In 2016, researchers at the Salk Institute in California, headed by Juan Carlos Izpisua Belmonte, reported that the answer might be yes. They genetically engineered mice afflicted with progeria, a condition that causes extremely rapid aging, so that all their cells would make the Yamanaka factors, but only when they were fed a special supplement in their food. That allowed the scientists to turn on the factors for a limited period – just a few hours at a time.

Leave the genes on for too long, and the mice got cancer. But with shorter pulses – a tactic now known as partial reprogramming – they didn’t. What’s more, the mice seemed to become healthier and live a bit longer.

“You rejuvenate cells, but you didn’t lose the identity,” says Klausner, who calls it an “Aha!” moment. “That could be safe. And this has [now] been done with many animals. They don’t get cancer as long as you don’t go past this point.”

Exactly how this partial-reprogramming phenomenon works is now a major focus of Altos and other research organisations. During a meeting held in June at a Maine ski resort, reprogramming scientists described studying individual cells by the tens of thousands – tracking in detail what changes they undergo after they’re exposed to more limited pulses of the Yamanaka factors, or to subsets of them.

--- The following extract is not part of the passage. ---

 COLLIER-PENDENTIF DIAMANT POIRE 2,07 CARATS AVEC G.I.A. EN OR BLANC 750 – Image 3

Researchers from the United Kingdom with connections to Altos reported that they’d made skin cells from a 53-year-old person as youthful as those of someone just out of college. They claimed the “rejuvenation point” was reached after 13 days of exposure to Yamanaka’s factors, but no more.

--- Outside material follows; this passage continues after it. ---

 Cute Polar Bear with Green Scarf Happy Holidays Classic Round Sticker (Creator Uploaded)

One way the British team concluded that the cells had become younger was by using an “aging clock.” These are measurements that detect epigenetic modifications to DNA, the chemical marks that determine whether a given gene is on or shut off.

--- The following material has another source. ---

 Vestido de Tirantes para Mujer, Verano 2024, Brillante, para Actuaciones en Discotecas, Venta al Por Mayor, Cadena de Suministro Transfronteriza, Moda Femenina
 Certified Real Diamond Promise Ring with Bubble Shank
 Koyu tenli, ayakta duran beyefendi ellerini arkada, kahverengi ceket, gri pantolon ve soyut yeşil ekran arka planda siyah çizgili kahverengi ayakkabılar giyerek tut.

Epigenetic controls are part of what gives every cell its specialized identity; an olfactory neuron in your nose doesn’t need the same genes activated as a liver cell that oozes bile.

Because these markers undergo tell-tale changes over a lifetime, it’s possible to estimate a person’s age, or that of any animal, within a couple of years by checking just two or three hundred of them.

In its latest catalogue of health conditions, the World Health Organization almost equated old age with disease. Then it backed off.

In part because the clocks are eerily accurate, some researchers now believe aging may be caused primarily by the gradual degradation of the epigenetic code, a little like a compact disc that’s been scratched and skips tracks.

It’s an attractive theory, and not least because one thing that reprogramming does reliably is reset these marks. After a little treatment with Yamanaka factors, a cell from a 90-year-old will have the epigenetic profile of one from a teenager.

To Klausner, the fact that cells can regain a youthful epigenetic state is remarkable and likely a gateway to important new biology. “Understanding how cells remember how to be an unscratched CD” could lead to the discovery of “missing codes” regulating the whole process of aging, he thinks.

Other scientists say it’s an open question whether aging clocks measure true rejuvenation, a term they say is already being used too loosely. To Charles Brenner, a senior researcher at the City of Hope National Medical Center, people may even be falling victim to circular reasoning when they celebrate those epigenetic changes.

“There isn’t a difference between saying they applied the Yamanaka factors and that they have changed the epigenetic profile, since that is what the factors do,” he says. “They then score their study as a rejuvenation success, but there is no scientific basis for doing that. They still don’t know what the intervention does. People should not be assuming more youthful scores on an epigenetic clock equate to better health or longer life expectancy.”